So you would suggest to use a git submodule? Or just copy the same app.

The nodejs buildpack doesn't use the samples. Isn't that the same? It feels weird to not have any integration tests for a metabuildpack, doesn't it?

dmikusa commented 1 month ago

I think we should use - uses: actions/checkout@v4 to checkout the Samples repository. Then we have a full suite of samples. I don't see a reason to use a sub-module. When these tests run, we should be in a place where all of the latest buildpacks and all of the latest samples work correctly. If they don't, that's a problem and we should fix it.

c0d1ngm0nk3y commented 1 month ago

@dmikusa @anthonydahanne Regarding reusing the samples, we see 2 main "problems":

What exactly to you expect for effort in adding specific test applications. From our experience, you only touch such test apps if you want to test something more specific.

dmikusa commented 1 month ago

Local execution of the integration tests.
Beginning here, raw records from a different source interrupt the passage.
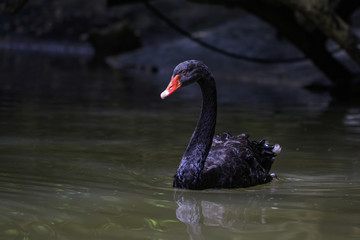 Afbeelding van een zwarte zwaan op het water. Dieren in het wild.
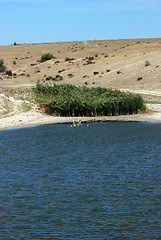 Image showing lake Springs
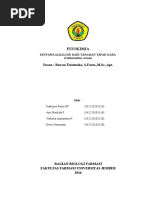 Download catharanthus roseus by AyuMaulida SN333591167 doc pdf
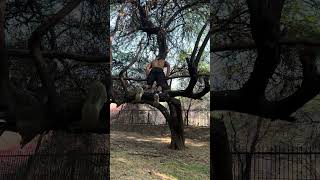 Dhoka diya kare ☠️🏴‍☠️💪 fitness motivation strengthtraining ropeworkout fitnesschallenge [upl. by Allimak211]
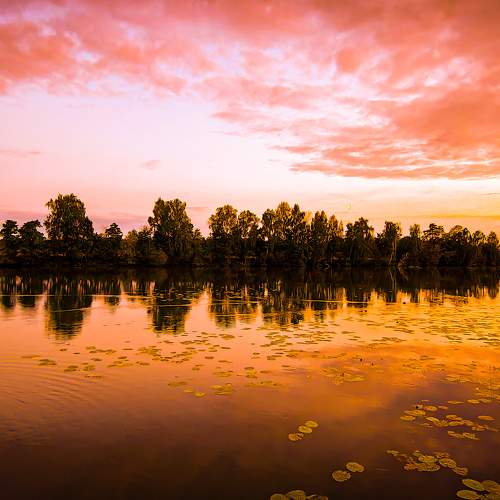 Photo #9492703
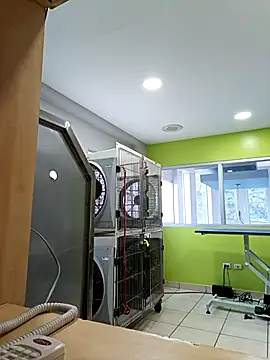 elbbxxx1999 online show from September 13, 3:13 pm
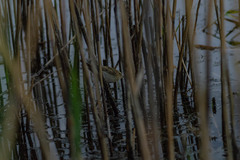 Acrocephalus schoenobaenus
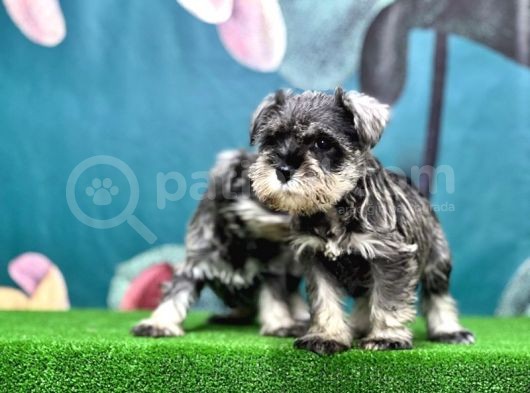 Salt And Pepper Mi̇nyatür Schnauzer Yavrular görsel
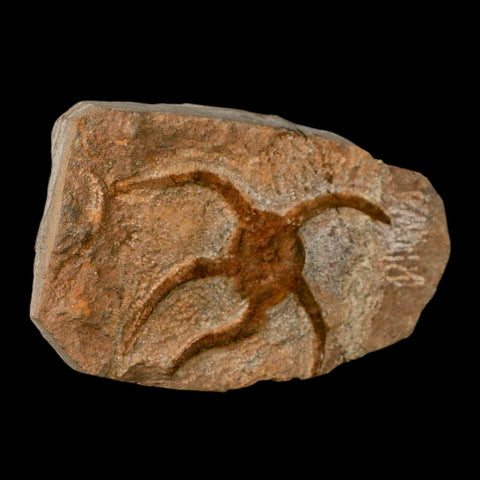 3.2" Brittle Star Ophiura Sp Starfish Fossil Ordovician Age Morocco COA - Fossil Age Minerals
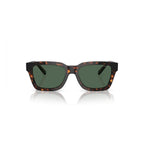 Arnette Brown Injected Sunglasses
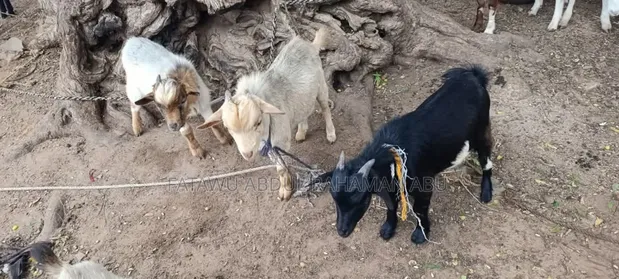 Active Goats for Sale - 1
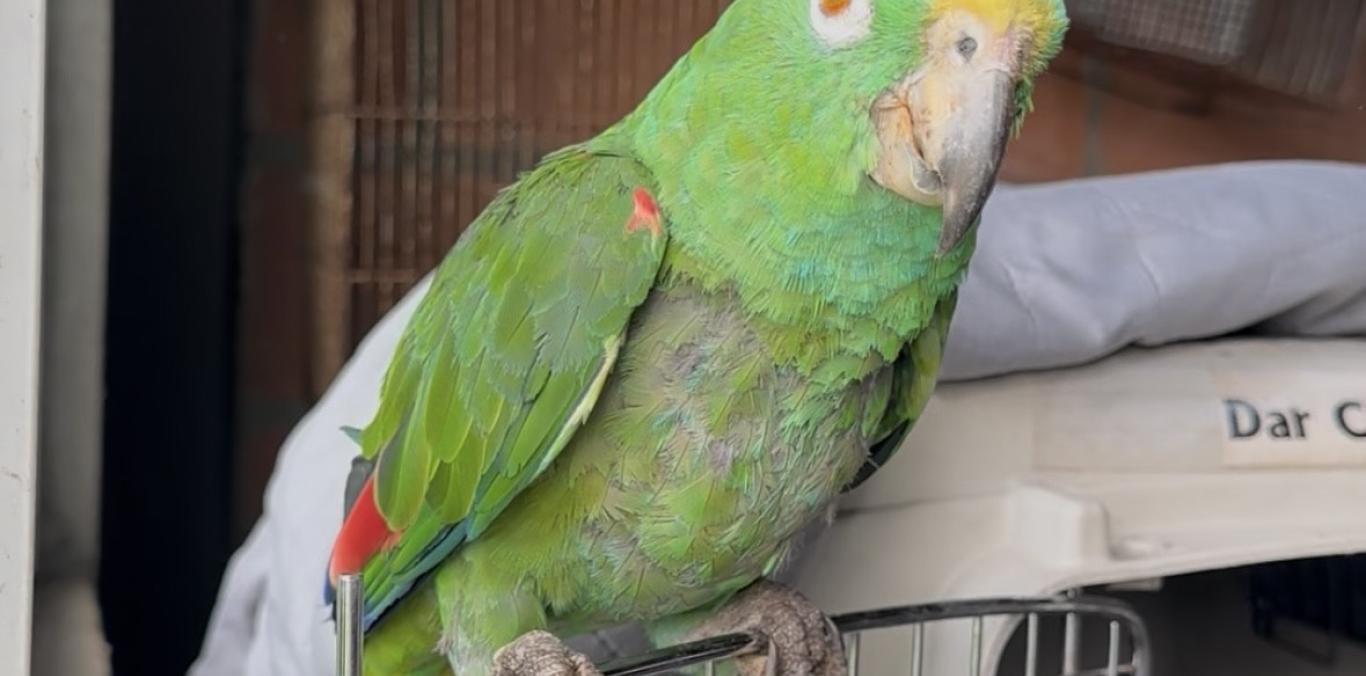 TRAS TREINTA AÑOS EN CAUTIVERIO, UN LORO VUELVE A TENER ESPERANZA DE LIBERTAD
Ideally, each repository should be self-contained. Otherwise, you have to checkout samples in order to test java-buildpack. This would even mean that you can break the java-buildpack with some change in the samples repo. Sounds sub optimal.
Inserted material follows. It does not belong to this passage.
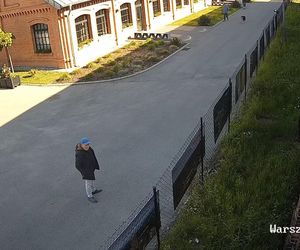 Starsza pani wyrwała rododendrona z Fabryki Pełnej Życia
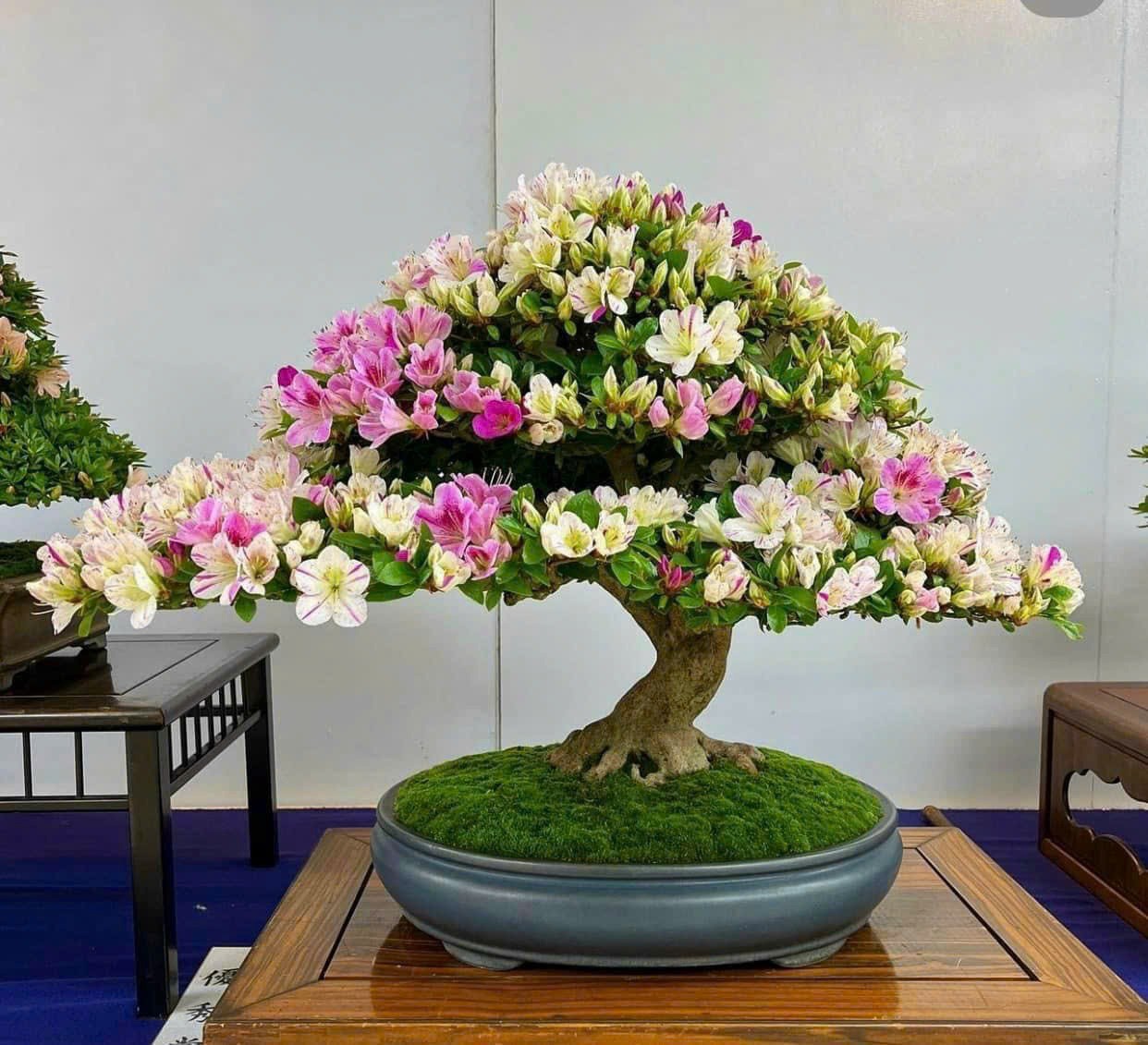 Thị trường bonsai mini tại Hà Nội: Sức hút từ những chậu cây nhỏ xinh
We are optimizing to run this in CI not locally, so having the slight inconvenience of checking out the samples first is a compromise I'm fine with making. We also change the samples very infrequently so I'm willing to roll the dice on that unintended breakage there too.
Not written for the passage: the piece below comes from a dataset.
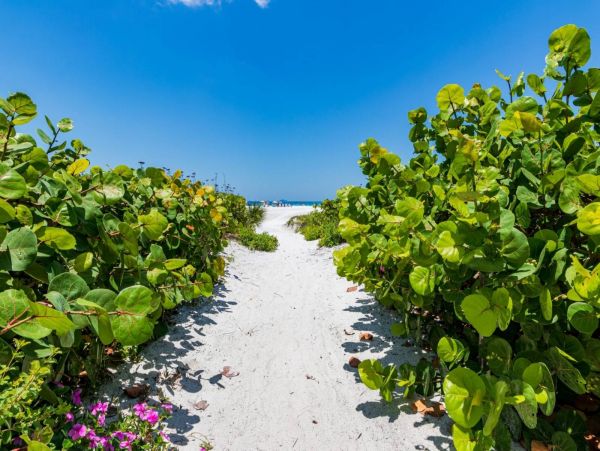 Siesta Key Condo Pool/ Walk to Beach Amenities.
tl;dr I'm Ok with these trade-offs. What do you think @anthonydahanne and @pivotal-david-osullivan ?

Another concern is that samples and tests are 2 different things. The samples might be good smoke tests, but when testing more than "it works" (e.g. the runtime used), the code is not a good match for the samples.

We should probably level-set on the intent of the tests here.

To me, the intent is more smoke tests than anything else. Especially for a first effort.

I want something that runs in a reasonable amount of time and gives us confidence that the important things are working correctly. If we run this way for a while and find we're still seeing bugs that make it through, then we can look at expanding things, but you can't go in the opposite direction. Once something is added to the test suite, it's effectively going to live there forever. So if we add a bunch of stuff that's not really necessary, it's just cruft we'll carry on forever. For that reason, I'd very much like to start small and start with smoke tests for the important functionality. Then see where that gets us.

I think the samples repo provides some good apps to do this. Most of the samples provide some minimal output, which is enough to verify that the app has started and is running.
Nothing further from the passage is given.